George Packer of New Yorker on Intolerance
September 11, 2010
by
PaulM
Posted in Culture, Current Events, Election 2010, History, Lowell, Politics
2
Comments
Voices are getting louder and more anxious as the country openly re-examines its value system. I have a sense that some key brick in the wall of national identity has come loose, leaving us with a very shaky structure that is causing widespread instability. I had an encounter today with an outspoken conservative, which is what I guess he’d call himself. He was generally angry at what most of us would call modern life in western civilization. His idea of what America should be was a world away from my sense of it. Read the New Yorker’s George Packer on the dangers of extreme intolerance.
I think Mr Packer doesn’t dig deep enough. It is correct that in the immediate wake of 9/11 the People did not blame their Muslim neighbors for what happened.&nsp; So, what has changed? That is the question. Perhaps we need a course at UMass Lowell that talks to this issue and gives us a chance to think it through.
It does seem to me that a couple of things have happened, or not happened. It seems to me that the Muslim Community has not convinced the American People that Muslim-Americans reject the idea of violent jihad. As we wait for “the other shoe to drop” we want everyone to be united in condemning these kinds of terrorist actions.
Then there is the fact that those responsible for filling in the hole in Ground Zero have failed to do it and failed to do it miserably. If that had been done we wouldn’t have this uproar over the Muslim Cultural Center, which would be dwarfed by the monument. And, maybe, the Greek Orthodox Church on the edge of Ground Zero would have been rebuilt by now.

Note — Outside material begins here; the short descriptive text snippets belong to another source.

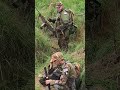 Predators a Seals🙈 #predator #shortvideo #airsoft #usarmy #m249 #m4 #m14 #multicam #woodland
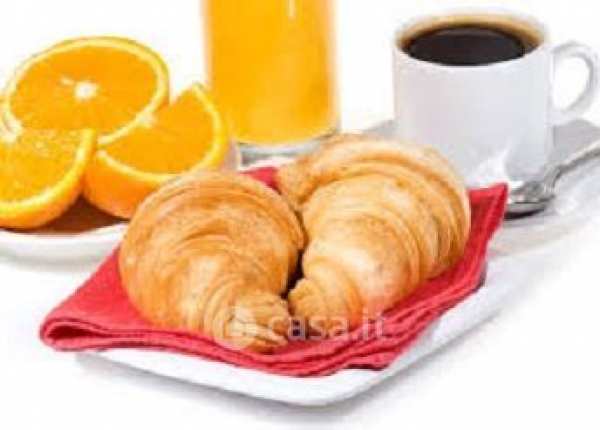 Attivitã /licenza (con o senza mura) in commerciale in 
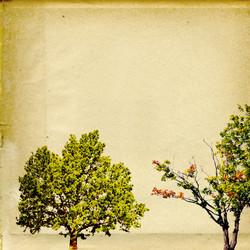 Similar image 879300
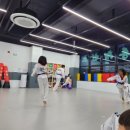 초롱태권도장 이미지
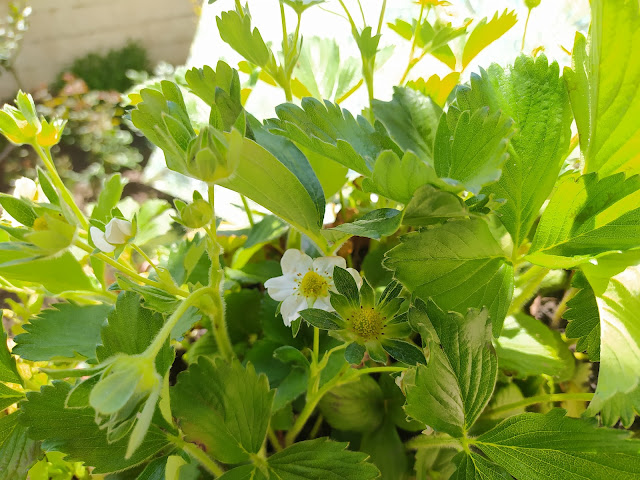 Fresones (Fragaria x ananassa).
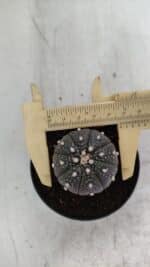 ASTROPHYTUM ASTERIAS “Purple”  Nº 933 – vaso 09 - Imagem 6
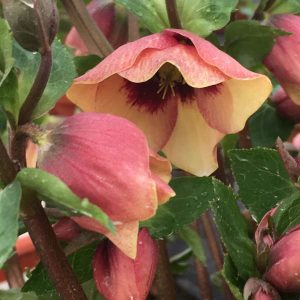 Helleborus 'Sandy Shores' New 2025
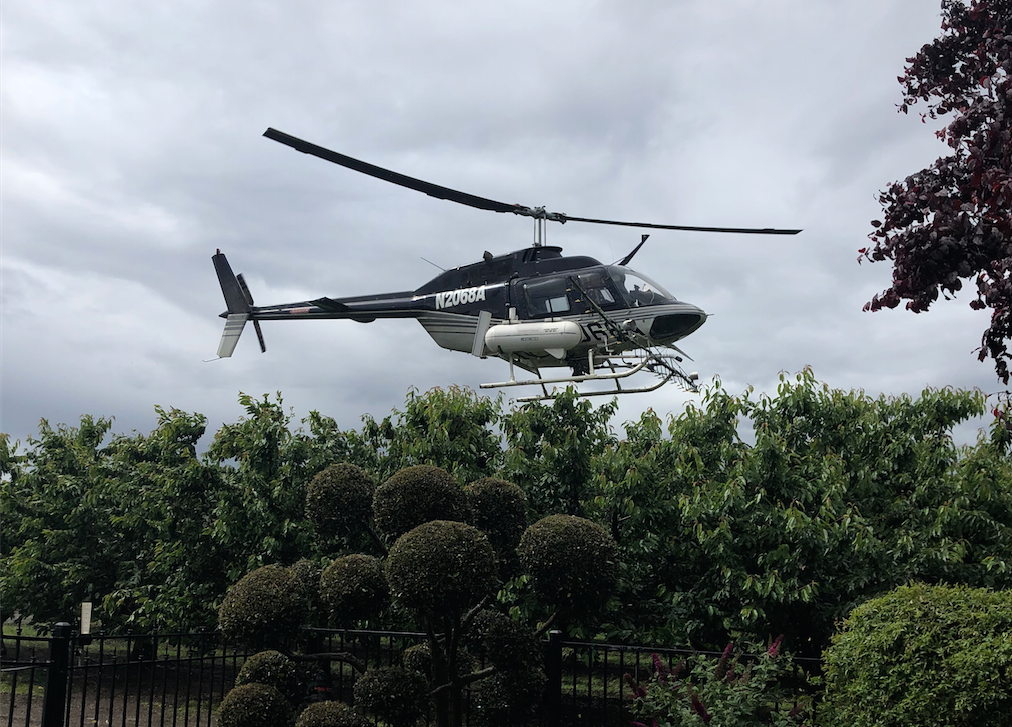 Harvest Time Cherry Orchard - Helicopter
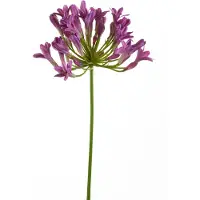 Emerald - Kunstbloem Agapanthus 75cm paars - Kunstplant voor binnen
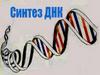 Синтез ДНК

But, even given those two problems, I think that things are actually going relatively well, given that we are, in fact, a nation at war. Even those who oppose the Cultural Center and the Koran buring recognize it as within the limits of our Constitution and law. However, not opposing the Cultural Center or opposing the Koran burning out of concern for who might riot is, in its own way, a loss of our rights as Americans. That Yale University Press would publish a book that included a discussion of the infamous Danish Cartoons and then not print copies of the cartoons, out of fear, is a blot on our story as Americans.
Regards — Cliff
Cliff, I agree about Yale and the omitting of the cartoons. We need to act for the right reasons, otherwise, as the phrase use to go, “the terrorists win.”